# Goal of the exercise
The line containing "18, デカ尻, デカチン, デカパイ, 黒人, フェラチオ, ガリガリ, ティーン" marks the end; return exactly every line from the start of the records up to and including it, but no pictures.

=== Data to process ===

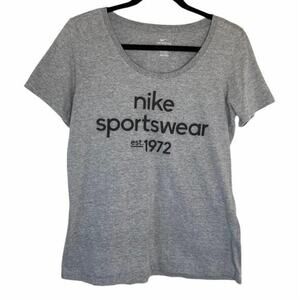Nike Gray Athletic Cut The Nike Graphic Tee Medium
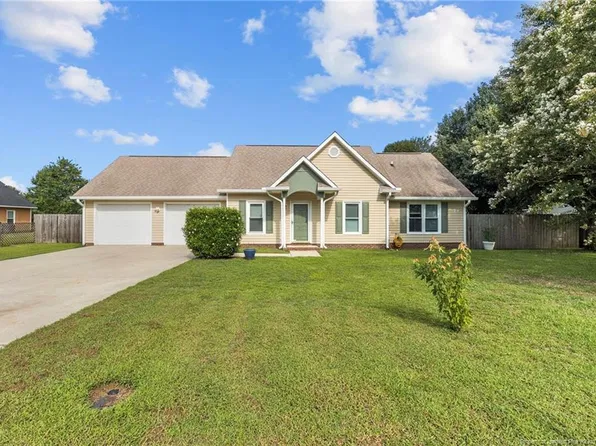 299 Riverwind Dr, Spring Lake, NC 28390
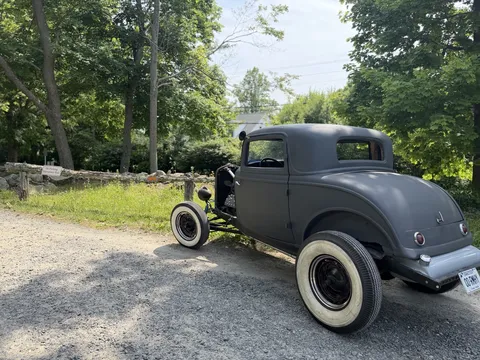 1932 Ford Model B Coupe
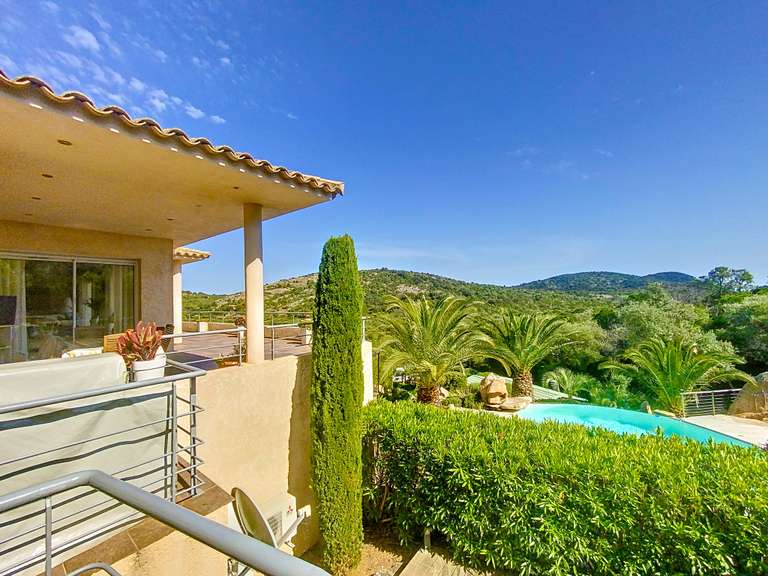 Maison Porto-Vecchio - 6 chambres - 296m²
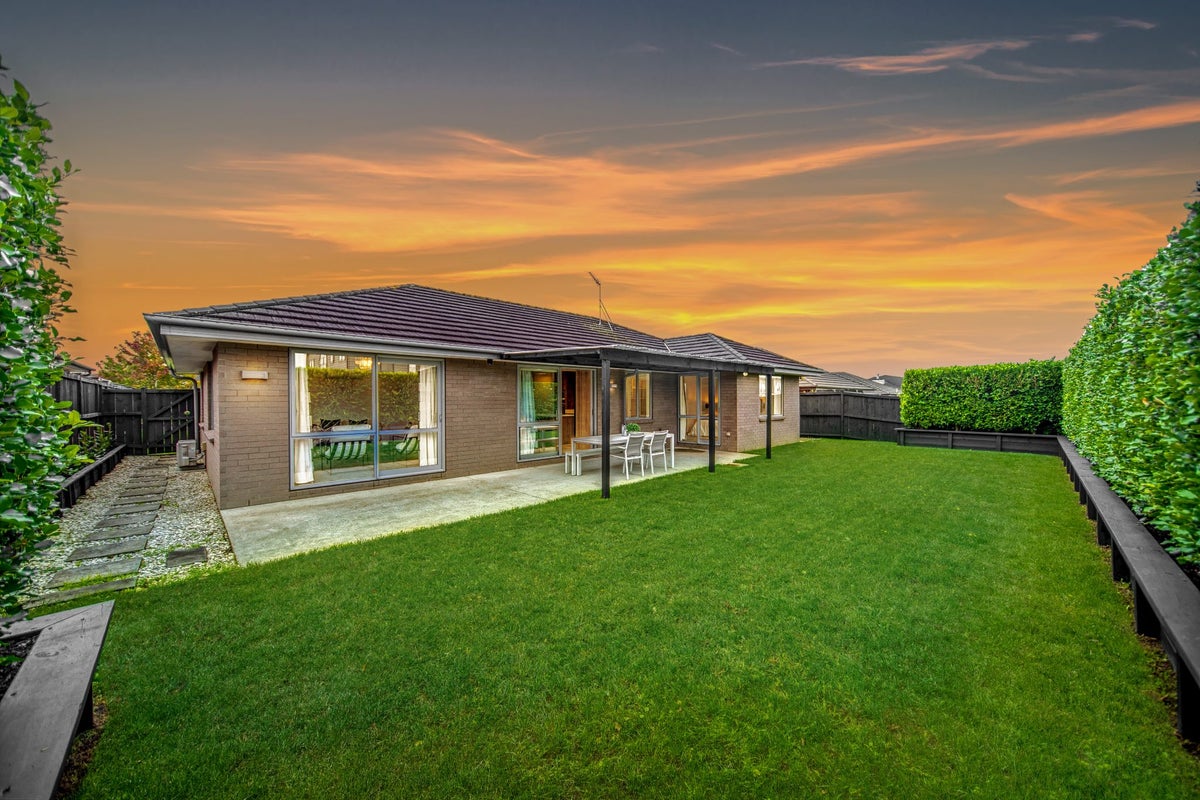 21 Paso Fino Crescent, Karaka, Papakura - Carousel 21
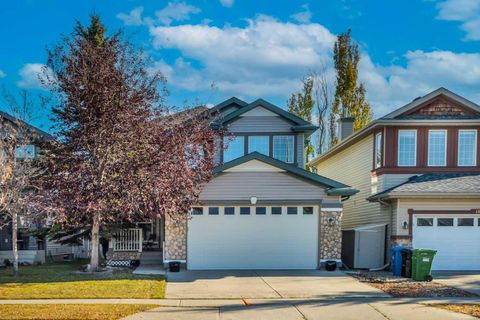 Photo of 190 Everstone Drive SW, Calgary, AB T2Y 4V1 (MLS # A2266424) Photo of 190 Everstone Drive SW, Calgary, AB T2Y 4V1 (MLS # A2266424)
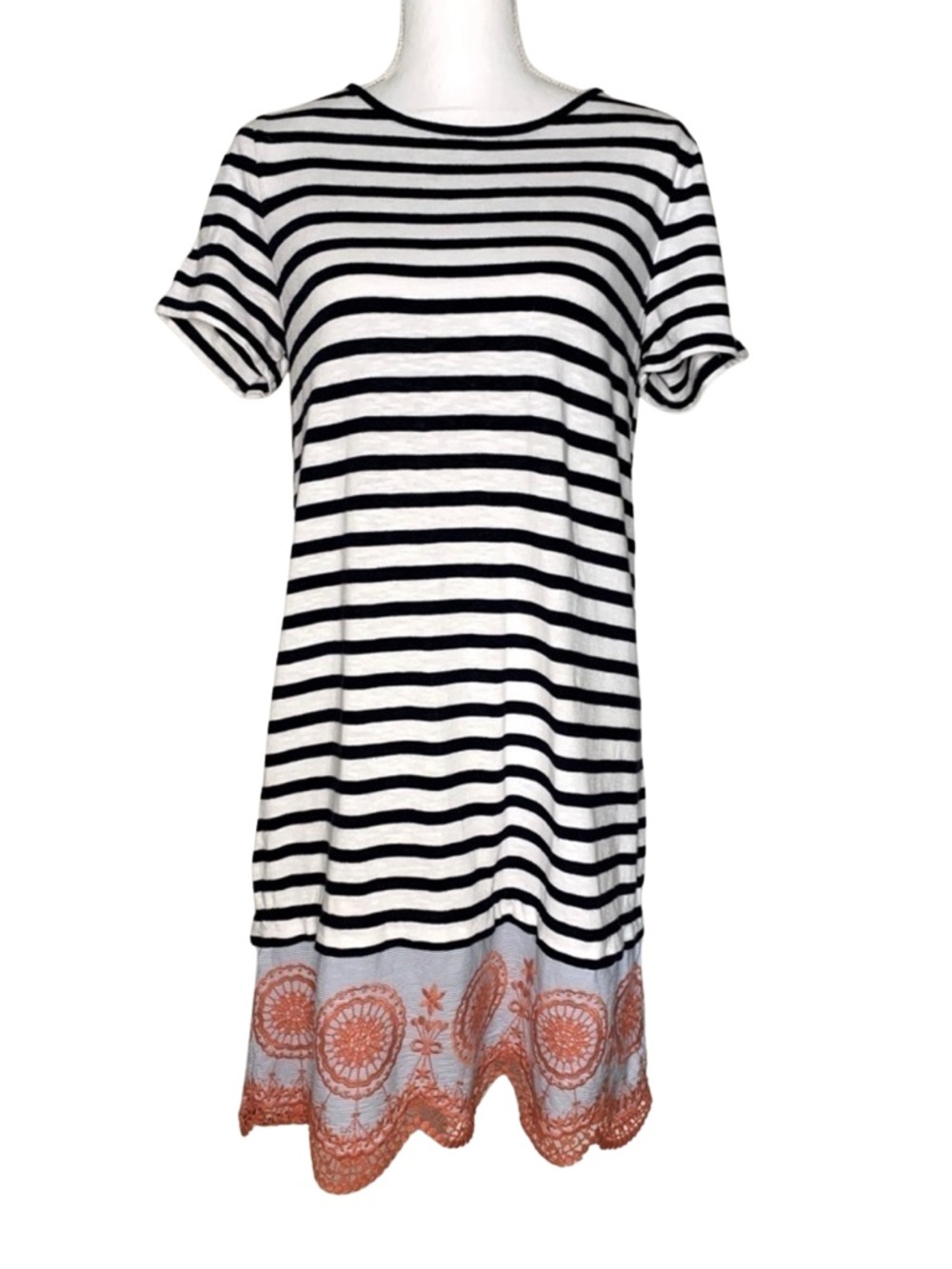 Crown & Ivy Dress Women’s Stripe Boho Embroidered Lace up Size Medium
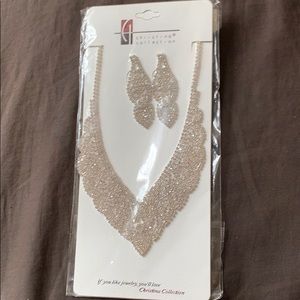 Earnings and Necklace Set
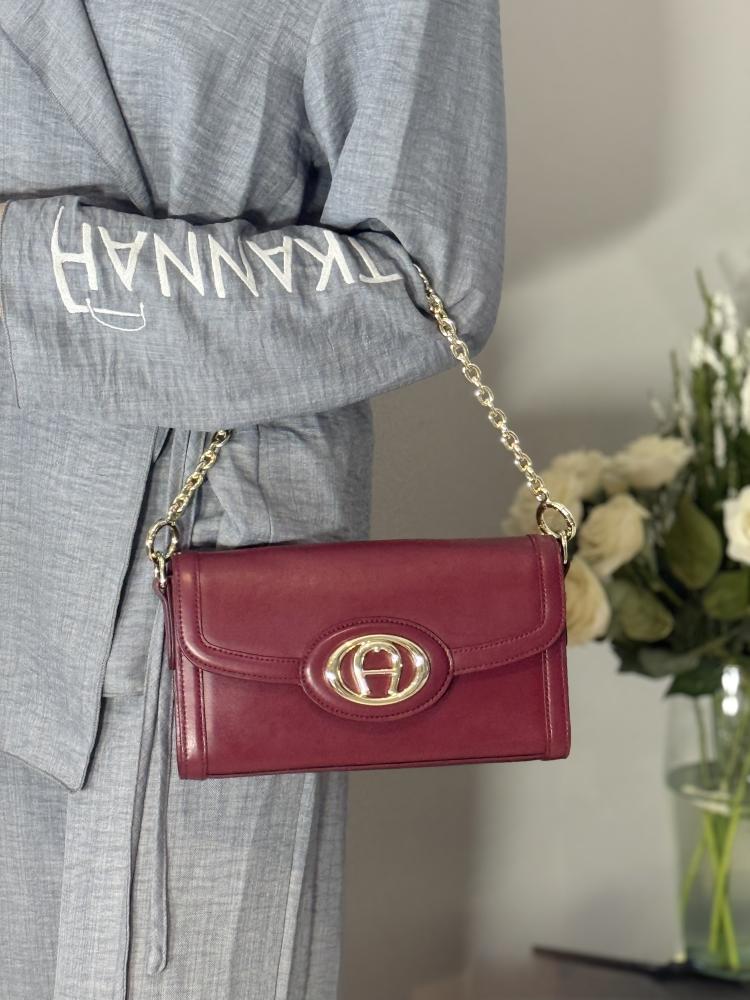 اجنر لويزا S جلد ناعم ومعدن ذهبي- برقندي /Luisa S Shoulder bag smooth cow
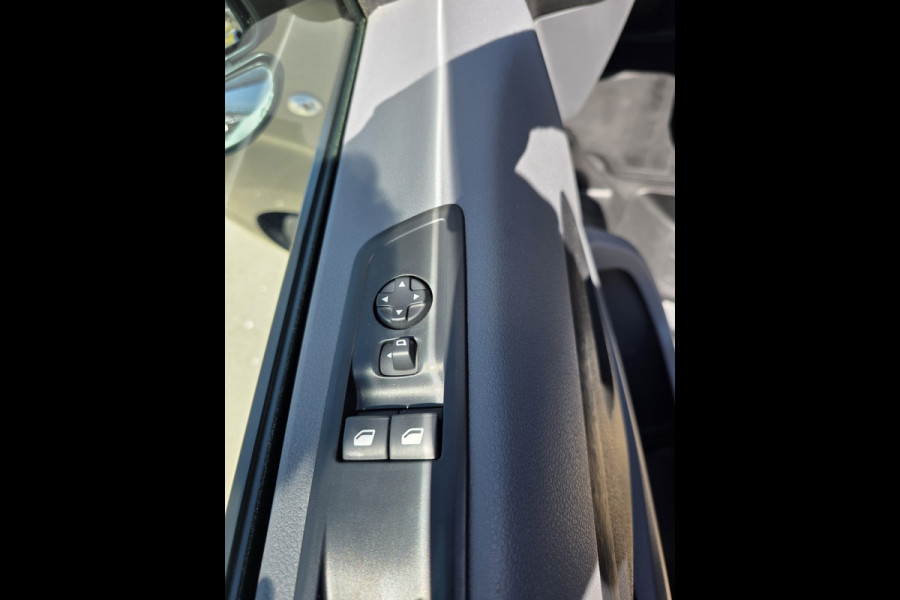 Peugeot Expert 2.0 BlueHDI 145Pk Automaat Premium Airco Cruise control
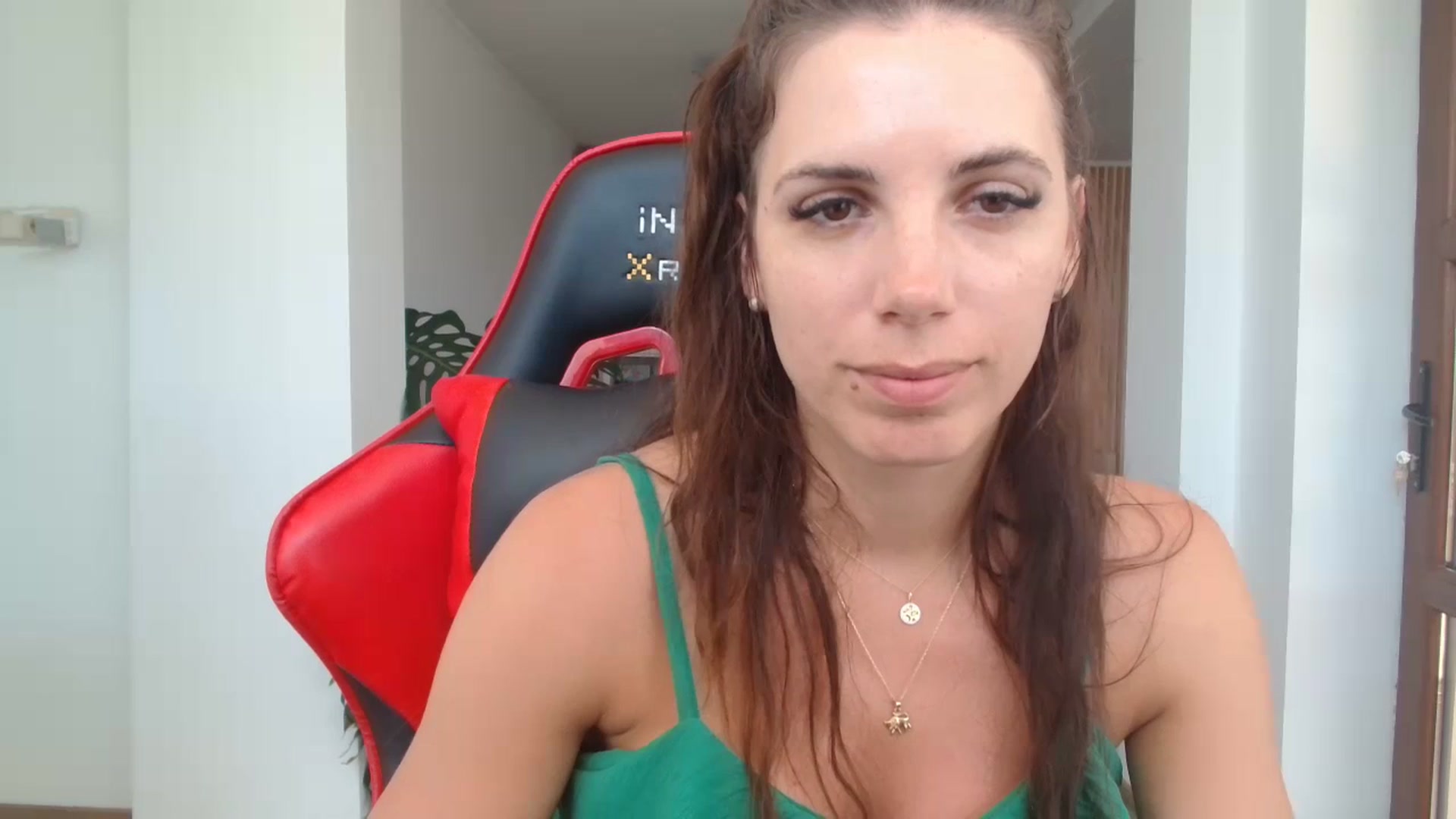 Gallery image thumbnail from Kandy_C's myfreecams stream on, 06/17/2024, 12:29 image 5 of 20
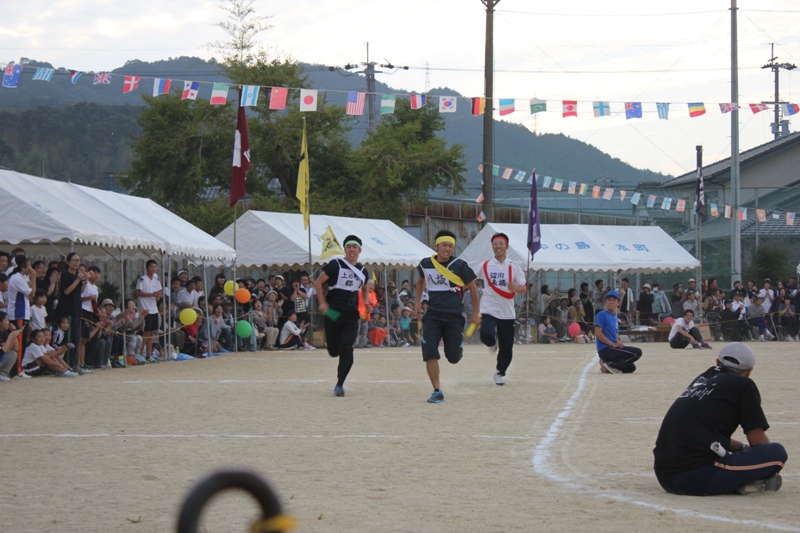 ご近所パワーを集結！スタートゆるく、ラストはガチンコの町民運動会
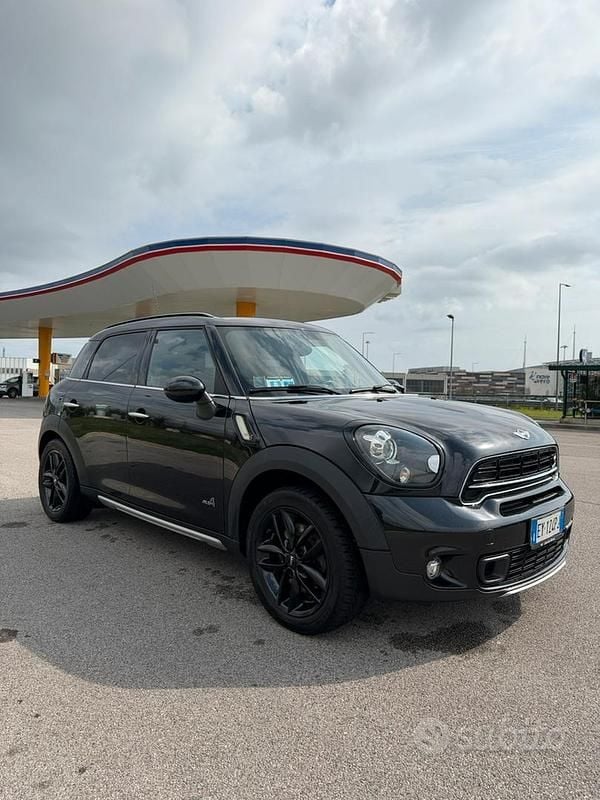 Usata Mini Cooper S Countryman 190 CV (139 kW) 2015 Nero SUV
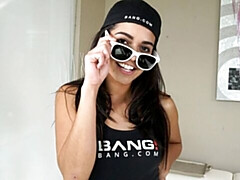 18, デカ尻, デカチン, デカパイ, 黒人, フェラチオ, ガリガリ, ティーン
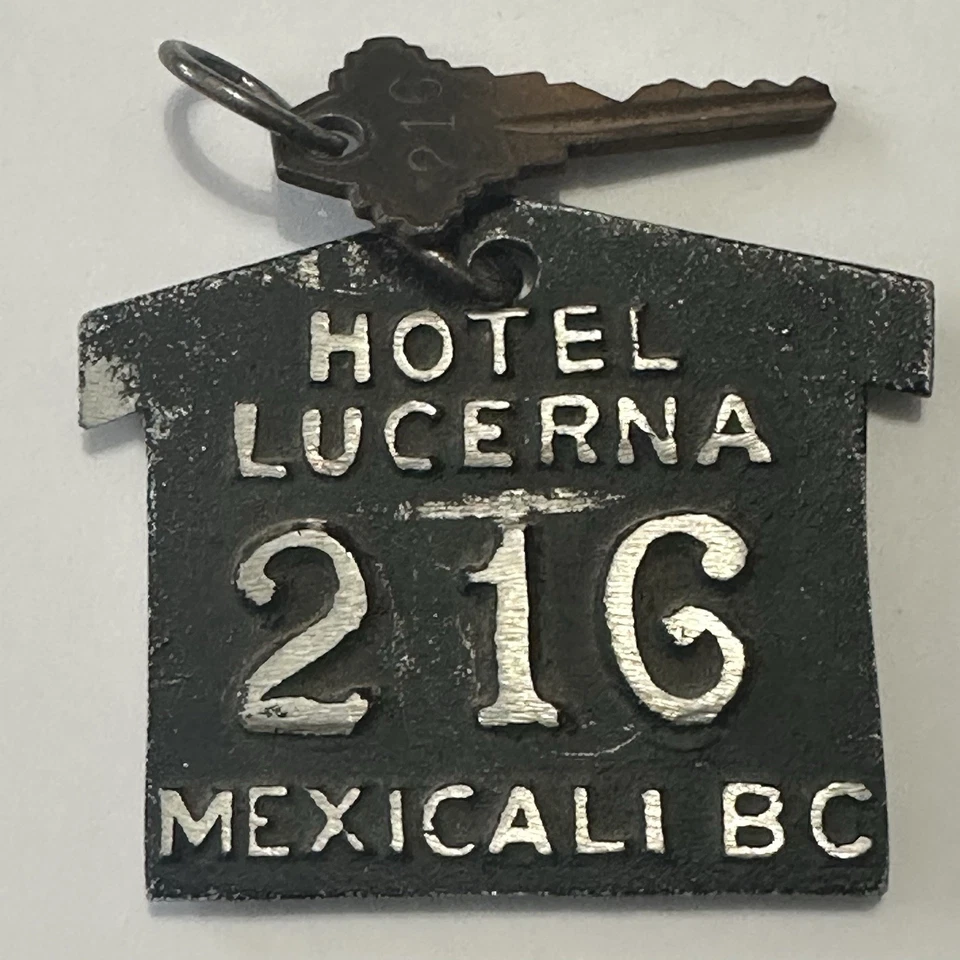 Llavero vintage de metal grueso para habitación de hotel de Hotel Lucerna Mexicali BC México #216 Foto 4 de 4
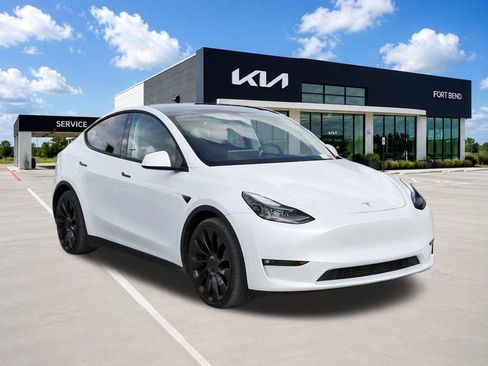 Used 2022 Tesla Model Y Performance AWD/4WD image 3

===

# Response below
Nike Gray Athletic Cut The Nike Graphic Tee Medium
 299 Riverwind Dr, Spring Lake, NC 28390
 1932 Ford Model B Coupe
 Maison Porto-Vecchio - 6 chambres - 296m²
 21 Paso Fino Crescent, Karaka, Papakura - Carousel 21
 Photo of 190 Everstone Drive SW, Calgary, AB T2Y 4V1 (MLS # A2266424) Photo of 190 Everstone Drive SW, Calgary, AB T2Y 4V1 (MLS # A2266424)
 Crown & Ivy Dress Women’s Stripe Boho Embroidered Lace up Size Medium
 Earnings and Necklace Set
 اجنر لويزا S جلد ناعم ومعدن ذهبي- برقندي /Luisa S Shoulder bag smooth cow
 Peugeot Expert 2.0 BlueHDI 145Pk Automaat Premium Airco Cruise control
 Gallery image thumbnail from Kandy_C's myfreecams stream on, 06/17/2024, 12:29 image 5 of 20
 ご近所パワーを集結！スタートゆるく、ラストはガチンコの町民運動会
 Usata Mini Cooper S Countryman 190 CV (139 kW) 2015 Nero SUV
 18, デカ尻, デカチン, デカパイ, 黒人, フェラチオ, ガリガリ, ティーン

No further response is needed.